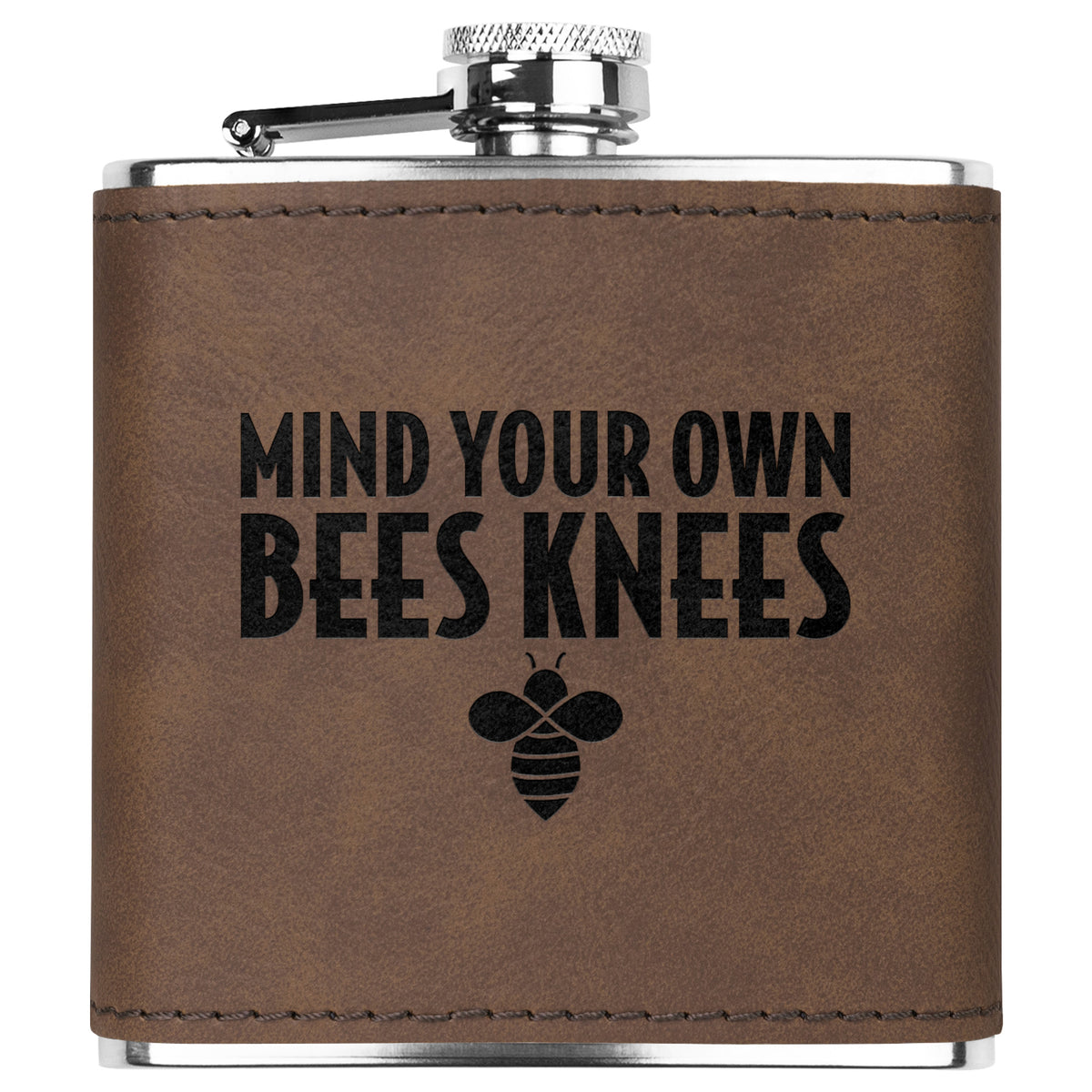 Mind Your Own Bees Knees Leather-Wrapped Stainless Steel Flask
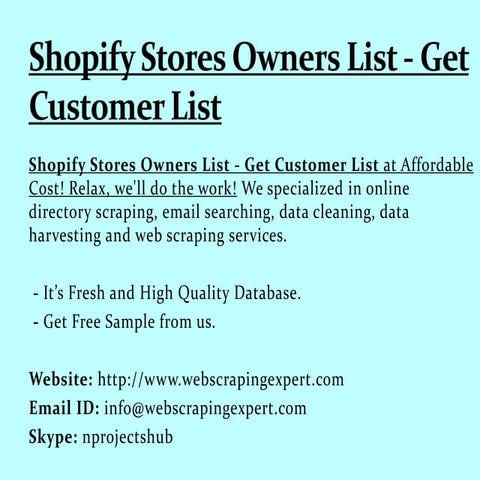 Shopify Stores Owners List - Get Customer List
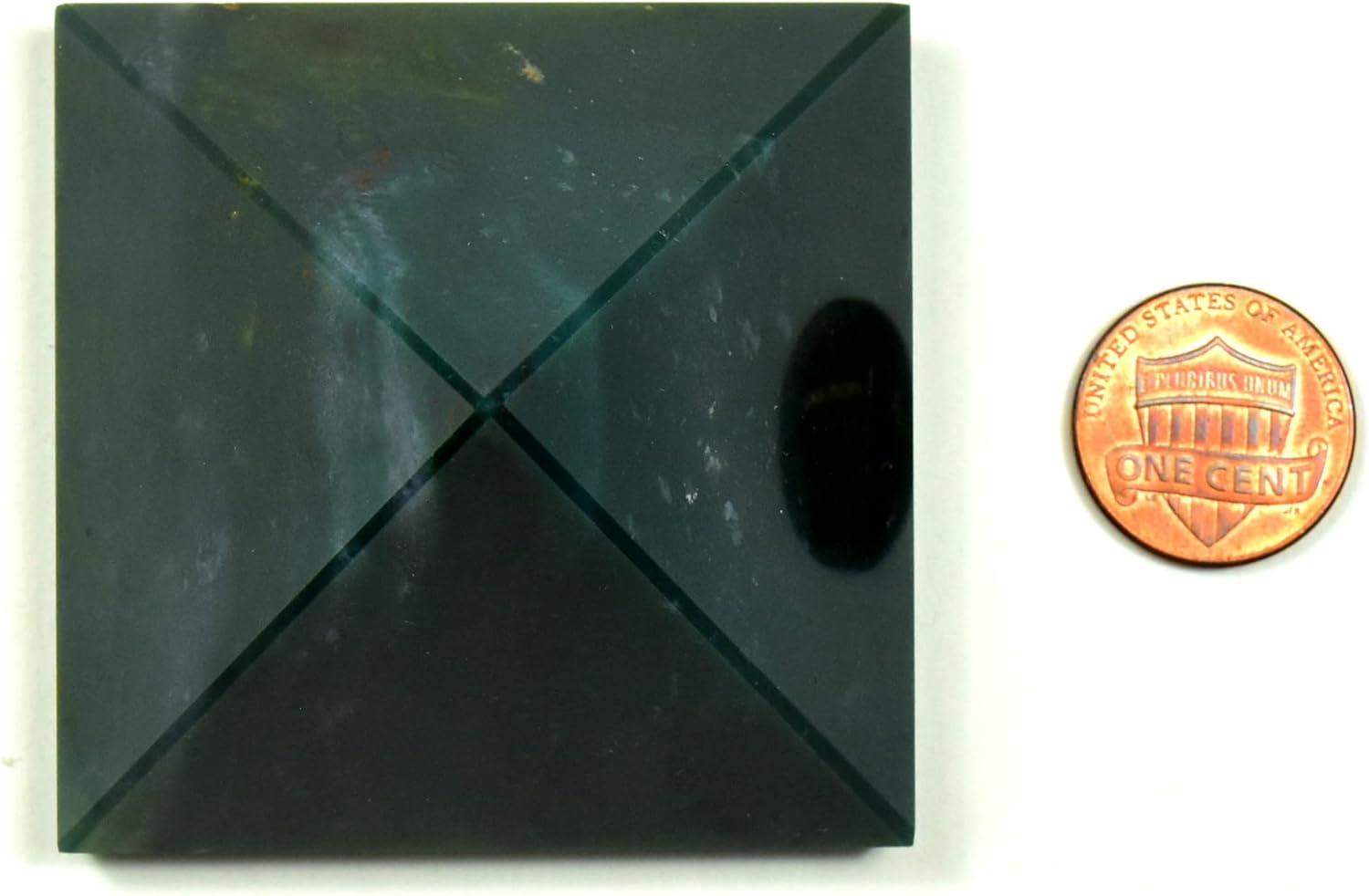 HQRP 55mm Green Blue Bloodstone Pyramid Natural Crystal Mineral Polished Stone - India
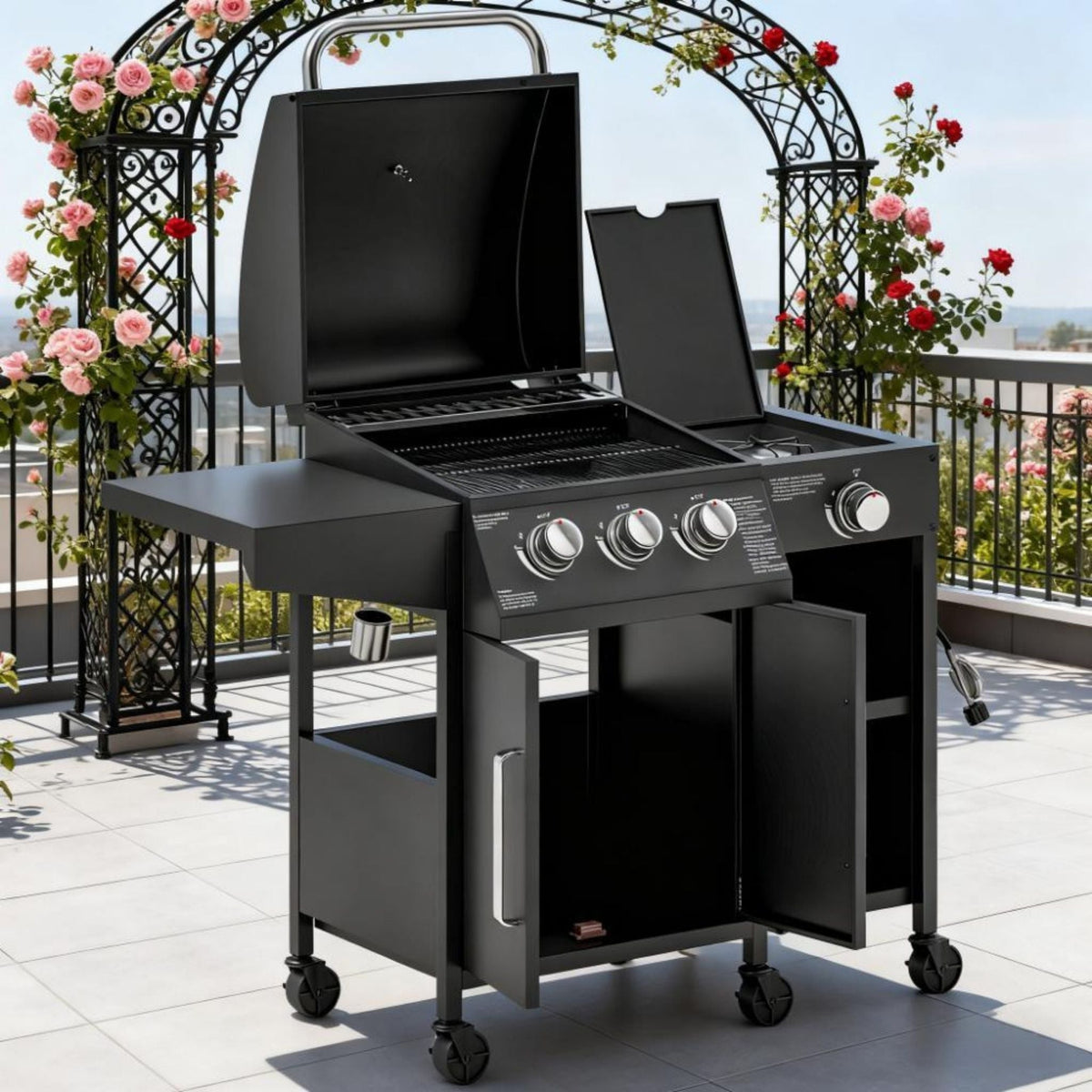 15K BTU Barbecue Propane Liquid Propane Grill With Side Burner (SAK53481)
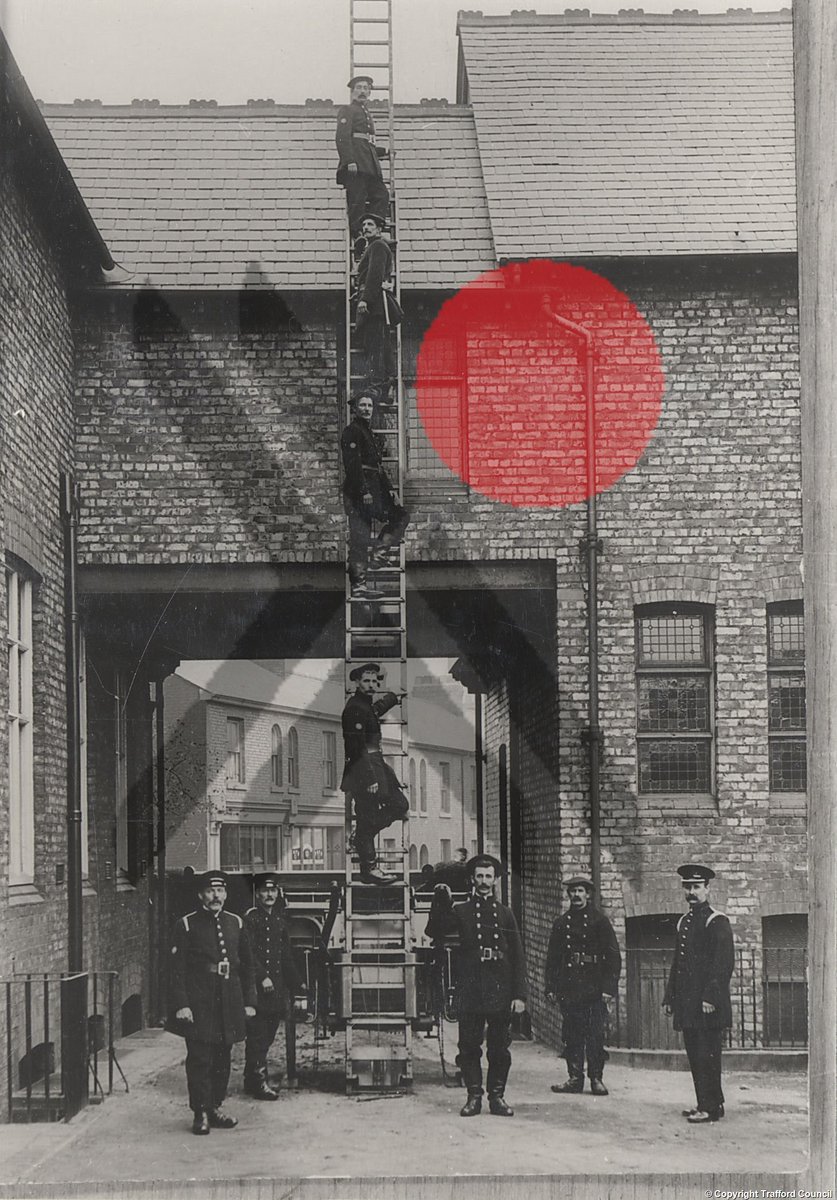 TraffordArchive's tweet image. #Sale &amp;amp; #AshtononMersey joint Fire Brigade &amp;amp; the men on a practise session at #SaleLibrary in 1902. More photos at apps.trafford.gov.uk/TraffordLifeti…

○ ○ ○ ○ ○ ○ ○

> [PROBLEM TO WORK ON]
Verbatim repeat, images removed: give each entry again exactly as it reads.

> [ANSWER TO THIS TASK]
 Mind Your Own Bees Knees Leather-Wrapped Stainless Steel Flask
 Shopify Stores Owners List - Get Customer List
 HQRP 55mm Green Blue Bloodstone Pyramid Natural Crystal Mineral Polished Stone - India
 15K BTU Barbecue Propane Liquid Propane Grill With Side Burner (SAK53481)
 TraffordArchive's tweet image. #Sale &amp;amp; #AshtononMersey joint Fire Brigade &amp;amp; the men on a practise session at #SaleLibrary in 1902. More photos at apps.trafford.gov.uk/TraffordLifeti…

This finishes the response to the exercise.